The thing about the ice cream addiction in Beijing is that, other than a vague whisper of “minute on the lips, lifetime on the hips” in the back of my mind and the knowledge that I am giving myself a considerably higher chance of developing type 2 diabetes, there is little incentive to stop my endless rampage through the rum ‘n’ raisin.

I have the same excuse as smokers have in Beijing – they’re just so cheap. Not if you go fancy – a so-called “gelato” scooped into a cone near Houhai lake will set you back 15 RMB minimum per scoop, while a Cold Stone is at least 30 RMB. But stick to the stick (pun-tastic), and you’re looking at around 2 to 8 RMB (20-80p).

But the main reason I don’t want to give up is there is so much variety in China. As my loyal readers will know, I cannot resist trying out weird and wonderful foods. And in China, weird and wonderful certainly extends to ice creams.

And so, dear readers, Chicken Feet’s King puts his waistline on the line to bring to you a guide to the oddest of the Chinese ices and the best of Beijing’s 冰激凌…

The classics

Blueberry milk (left) and Vienetta-on-a-stick (right)

Bingjiling beginners might wish to start cautiously. For the truly tentative, there are the standard Magnums and Cornettos (I recommend the Tiramisu magnum), and often a couple of Haagen-Dasz offerings too.

For those ready to branch out just a little, try Vienetta on a stick, a decent slice of everyone’s favourite log of ice cream on – you guessed it – an ice cream stick.
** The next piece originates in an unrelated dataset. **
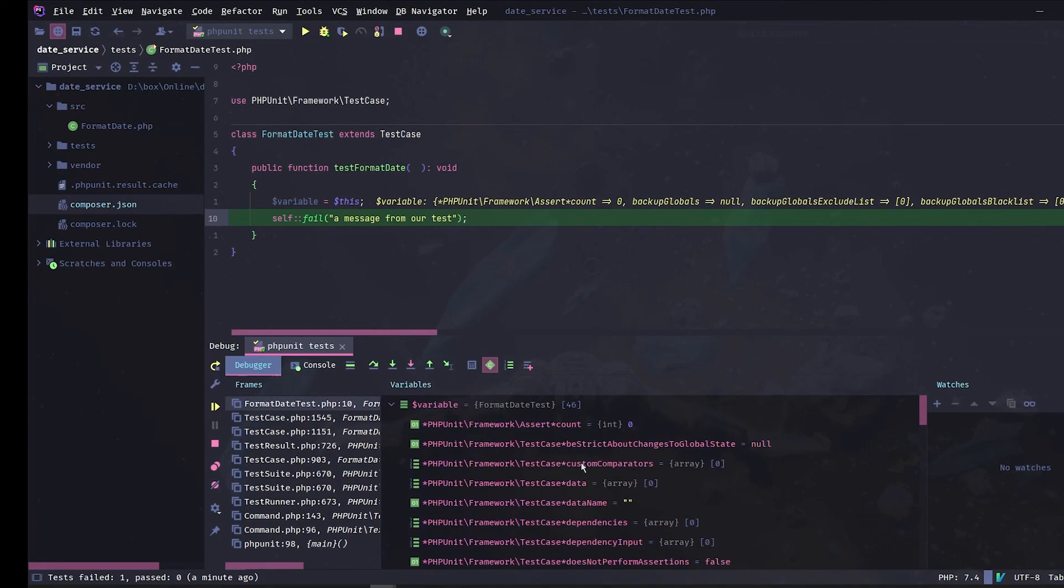This was how to set up phpStorm to test and debug your tests. I hope you enjoyed watching and see you next time!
The big advantage (or drawback, depending on how you look at it) is that you don’t end up eating an entire loaf in one sitting without realising it.


The Chinese classics

Green tea flavour Mr Whippy

If you’re ready to branch out into the Orient, how about going for one of the top Chinese flavours? Green tea (usually in an attractive pale green colour)? Red bean (many foreigners loathe it, I love it)?  Aloe vera (and you thought ice cream GAVE you spots!)?




Tutti frutti

Fruit ice cream in China isn’t just a shot of strawberry flavouring. Most fruit-flavour ice creams you buy come with big fat chunks of fruit in them. Who cares that these chunks in themselves are unlikely to be real fruit? It tastes damn good. What’s more, the flavour varieties are endless. Apple, blueberry, hawthorn, mango, melon…


Pea in its packet

If the fruit lollies weren’t quite five-a-day enough, then there are the veggies too. The top two are pea and sweetcorn.
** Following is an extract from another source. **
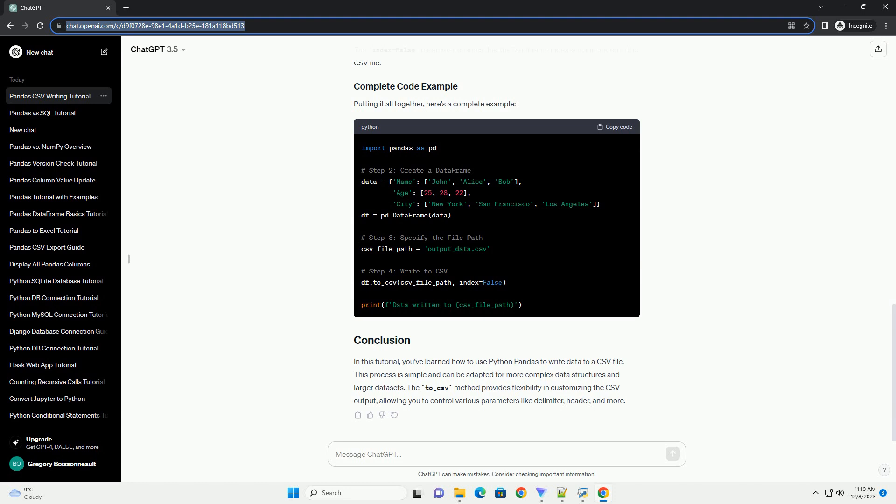Create a DataFrame with the data you want to write to the CSV file. For demonstration purposes, let's create a simple DataFrame.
The latter looks frighteningly like an actual corn on the cob, with an outer layer of thin wafer decorated with kernel details and encasing a filling of slightly sweetcorn-flavoured ice cream.

The former is an appropriate snot green colour, and tastes about as good as it looks or sounds.

Pea in all its glory

Both tried. Both tested. Both since avoided.
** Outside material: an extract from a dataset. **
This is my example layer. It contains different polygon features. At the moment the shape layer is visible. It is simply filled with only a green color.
Still on my list is purple potato flavour, though I predict it will ming just as much.






Missed breakfast? Find the baking Beijing summer too hot for your usual morning porridge? Don’t panic. Pop round to your local corner shop and buy yourself an oats and yoghurt ice cream.

And prepare to feel properly stuffed after eating.


Sucker for marketing? Moi?

And finally we arrive where Chinese marketing so excels – the ridiculous, cutesy, the thing that makes you roll your eyes and think “who on Earth would buy that…?” before you spot the Chinese guy next to you snaffling one from the freezer.

A case in point is the new Nestle banana.

This ice cream caused a storm when it arrived at my local 7/11 a month or two ago. Within two hours, every second person on the street was clutching one and wrappers littered the pavement.

This is an ice cream you can PEEL. Yes, actually, really PEEL! The jelly outer layer PEELS back to the “banana” of ice cream within.

Oddly enough, neither the peel nor the ice cream actually tastes of banana. But then that’s not the point, is it?